START SUPPLIED INFORMATION

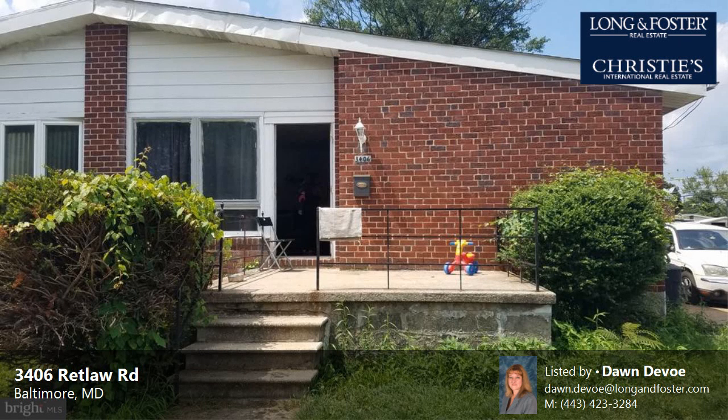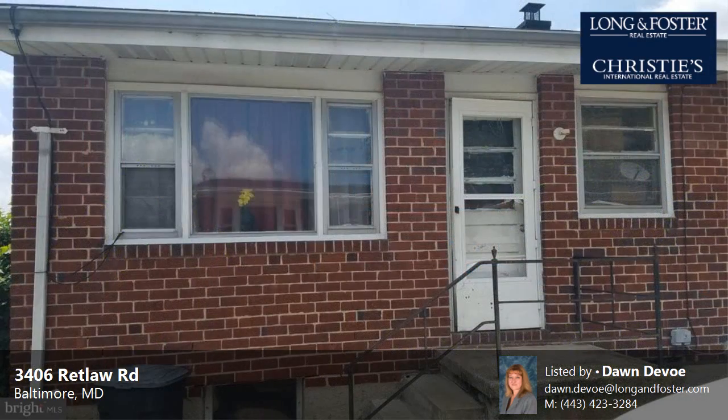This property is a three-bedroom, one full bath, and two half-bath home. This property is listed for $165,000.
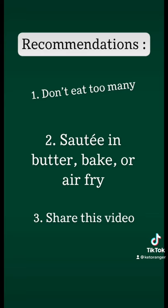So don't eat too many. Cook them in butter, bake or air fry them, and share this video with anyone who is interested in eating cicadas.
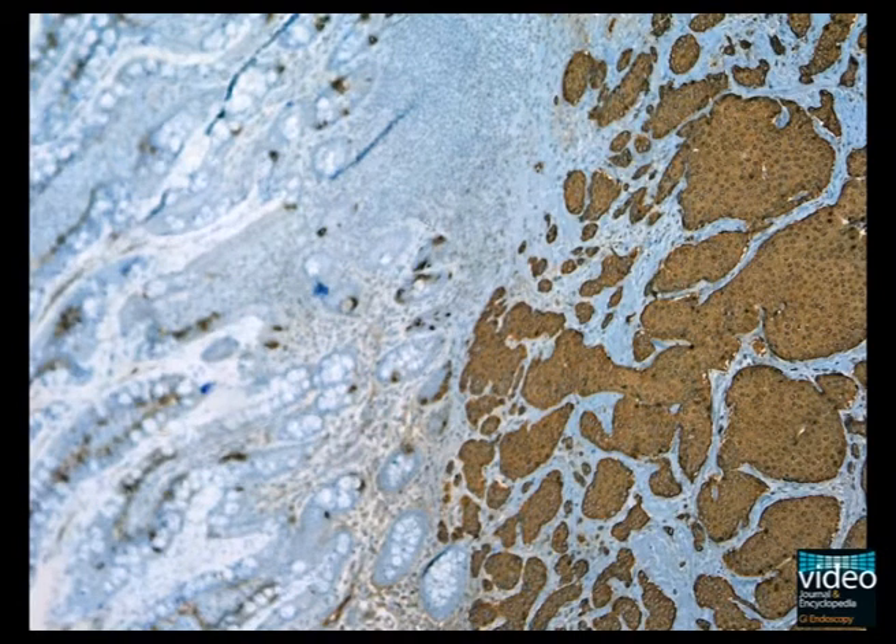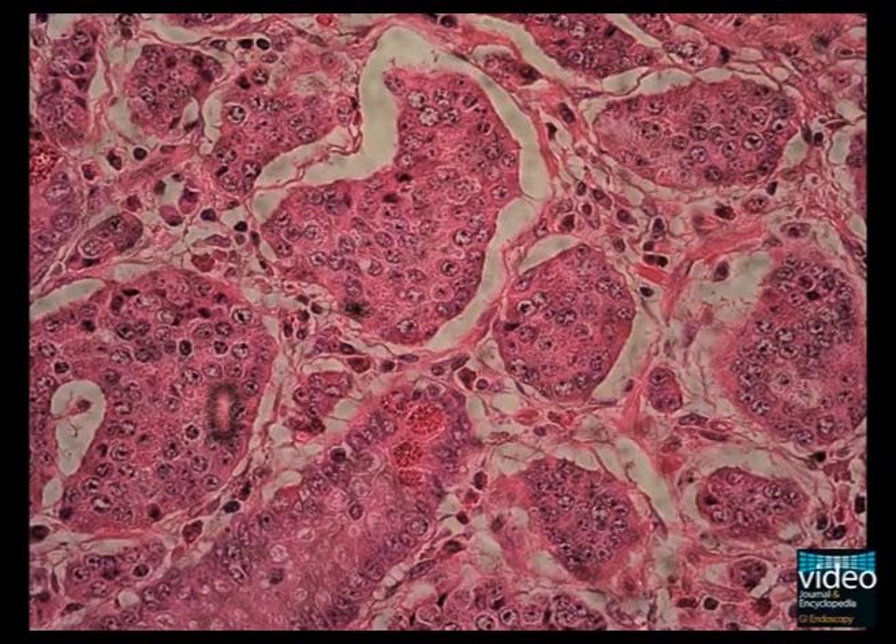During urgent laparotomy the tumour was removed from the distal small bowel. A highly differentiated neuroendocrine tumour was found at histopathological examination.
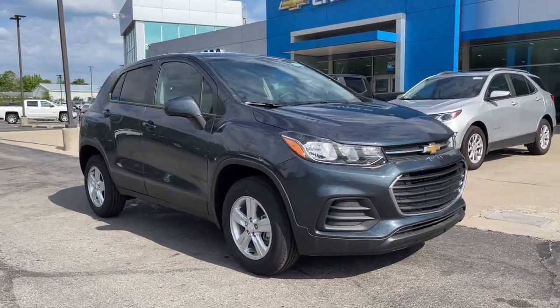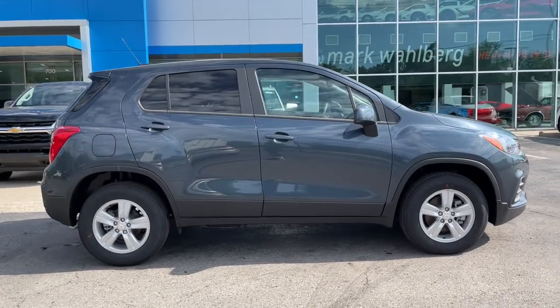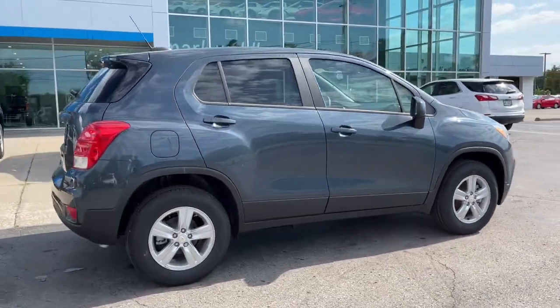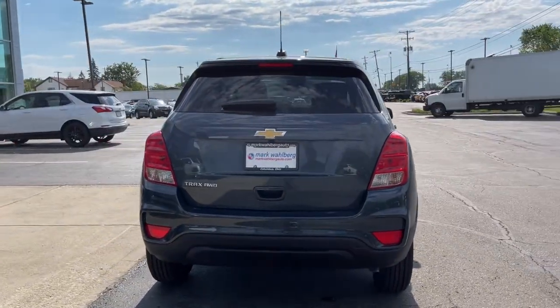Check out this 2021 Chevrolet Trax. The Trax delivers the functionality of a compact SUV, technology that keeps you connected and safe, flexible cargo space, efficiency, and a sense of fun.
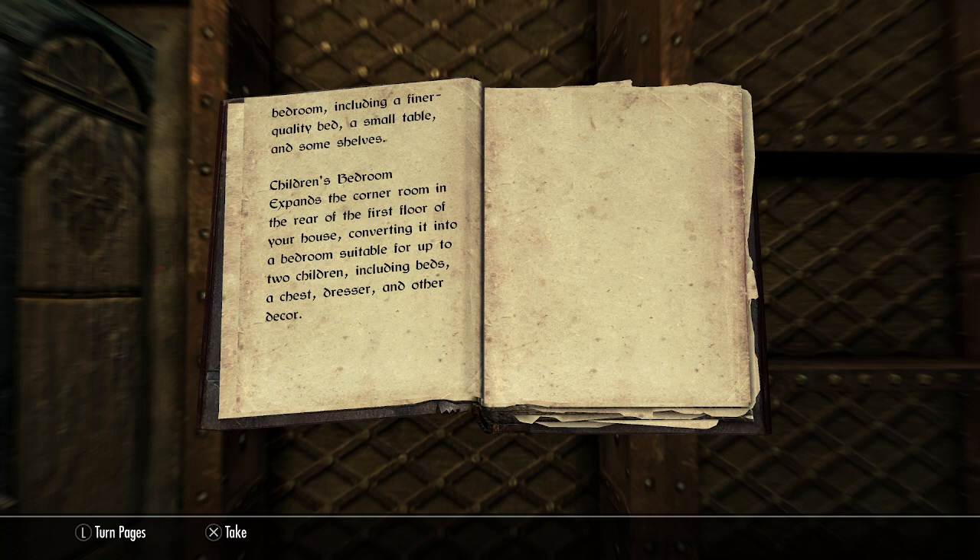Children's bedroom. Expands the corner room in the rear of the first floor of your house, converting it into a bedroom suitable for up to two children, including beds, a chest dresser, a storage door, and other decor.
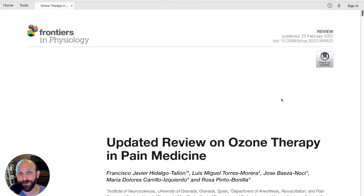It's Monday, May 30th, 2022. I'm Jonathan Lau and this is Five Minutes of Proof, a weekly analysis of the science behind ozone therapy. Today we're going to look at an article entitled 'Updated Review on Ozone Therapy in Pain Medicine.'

END SUPPLIED INFORMATION

HOW TO COMPLETE THIS TASK: The result should be the full listing, retyped exactly and free of pictures.

TASK ANSWER:
This property is a three-bedroom, one full bath, and two half-bath home. This property is listed for $165,000.
So don't eat too many. Cook them in butter, bake or air fry them, and share this video with anyone who is interested in eating cicadas.
During urgent laparotomy the tumour was removed from the distal small bowel. A highly differentiated neuroendocrine tumour was found at histopathological examination.
Check out this 2021 Chevrolet Trax. The Trax delivers the functionality of a compact SUV, technology that keeps you connected and safe, flexible cargo space, efficiency, and a sense of fun.
Children's bedroom. Expands the corner room in the rear of the first floor of your house, converting it into a bedroom suitable for up to two children, including beds, a chest dresser, a storage door, and other decor.
It's Monday, May 30th, 2022. I'm Jonathan Lau and this is Five Minutes of Proof, a weekly analysis of the science behind ozone therapy. Today we're going to look at an article entitled 'Updated Review on Ozone Therapy in Pain Medicine.'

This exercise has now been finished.